Additive CNS depressant effects with other anticonvulsants, TCAs, MAOIs, sedative and hypnotics, barbiturates, antihistamines, anxiolytics, antipsychotics and anaesthetics. May increase or decrease the serum levels of phenytoin. May rarely cause absence status epilepticus with valproic acid. CYP3A4 inhibitors (e.g. fluconazole, cimetidine) may impair the metabolism of clonazepam. Potentially Fatal: Increased risk of profound sedation, respiratory depression and coma when used concomitantly with opioids.
Additive CNS depression with alcohol; avoid concomitant use.

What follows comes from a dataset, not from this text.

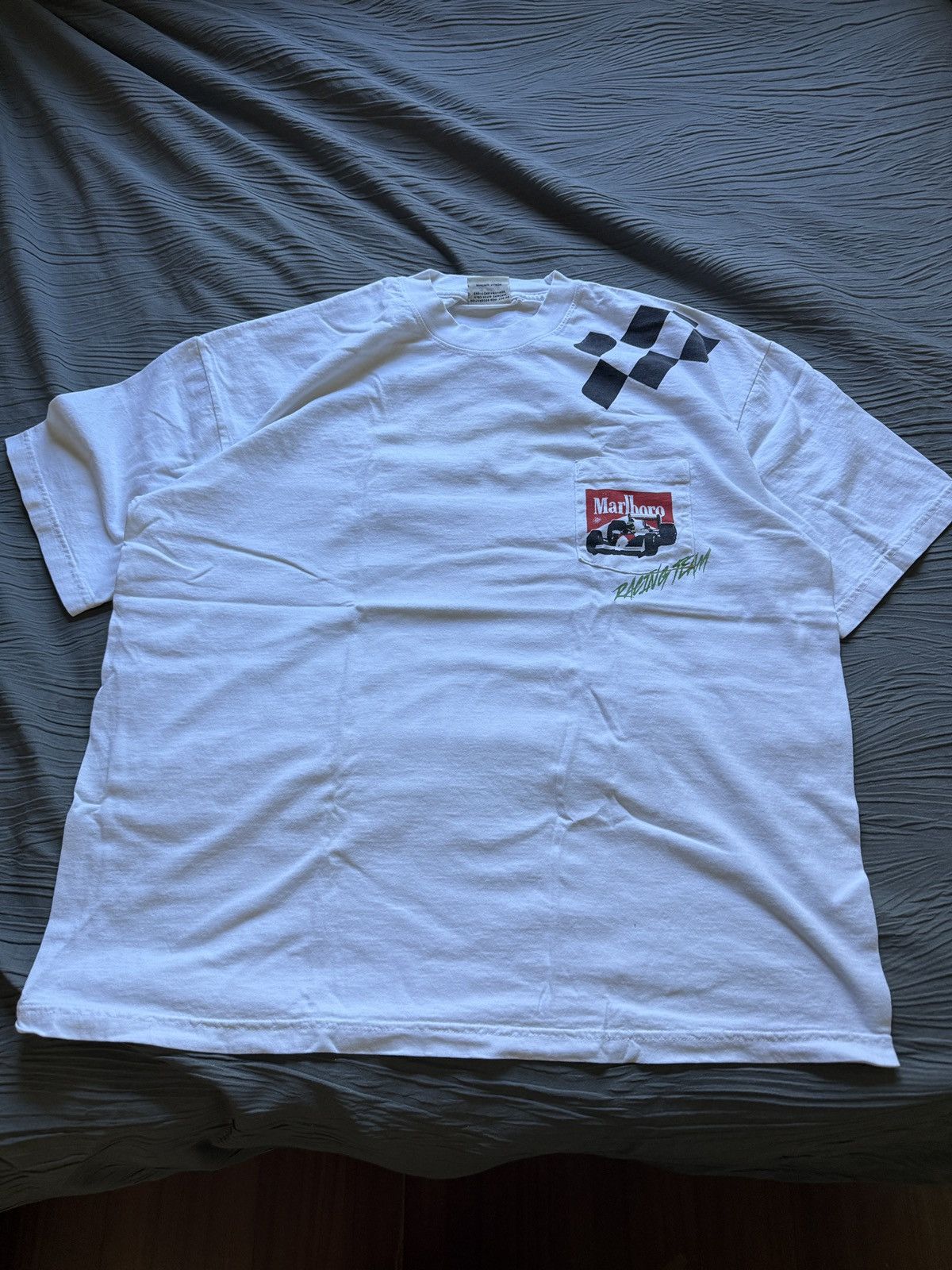 Other Marlboro Racing Team T shirt XL by coldwash Size US XL / EU 56 / 4 - 2 Thumbnail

Description: Clonazepam is a benzodiazepine derivative that exhibits anticonvulsive, sedative, muscle relaxing and anxiolytic properties. Its exact mechanism of action is unknown; however, it is believed to be related to its ability to increase the activity of GABA. It reduces the nerve transmission in the motor cortex, thereby suppressing the spike and wave discharge in absence seizures. Onset: Approx 20-40 minutes. Duration: ≤12 hours (adults); 6-8 hours (children). Pharmacokinetics: Absorption: Rapidly and completely absorbed from the gastrointestinal tract. Bioavailability: Approx 90%. Time to peak plasma concentration: 1-4 hours. Distribution: Crosses the placenta and enters breast milk. Volume of distribution: 1.5-6.4 L/kg. Plasma protein binding: Approx 85%. Metabolism: Extensively metabolised in the liver via glucuronide and sulfate conjugation; converted to 7-aminoclonazepam (major inactive metabolite), and 7-acetamido- and 3-hydroxy-derivatives (minor metabolites). Excretion: Mainly via urine (50-70%, <2% as unchanged drug), faeces (10-30%); almost exclusively as free or conjugated metabolites. Elimination half-life: Approx 17-60 hours.
Orally disintegrating tab: Store between 20-25°C. Conventional tab, oral solution, concentrated solution for inj: Store below 30°C. Protect from light.